WORK TASK: Everything in the listing below must be set down again exactly.

SUPPLIED MATERIAL:
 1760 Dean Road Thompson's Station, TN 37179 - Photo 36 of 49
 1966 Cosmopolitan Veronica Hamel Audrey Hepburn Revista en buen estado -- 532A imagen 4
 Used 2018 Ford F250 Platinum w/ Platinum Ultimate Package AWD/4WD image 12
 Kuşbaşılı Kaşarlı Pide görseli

SOLUTION TO THIS TASK:
 1760 Dean Road Thompson's Station, TN 37179 - Photo 36 of 49
 1966 Cosmopolitan Veronica Hamel Audrey Hepburn Revista en buen estado -- 532A imagen 4
 Used 2018 Ford F250 Platinum w/ Platinum Ultimate Package AWD/4WD image 12
 Kuşbaşılı Kaşarlı Pide görseli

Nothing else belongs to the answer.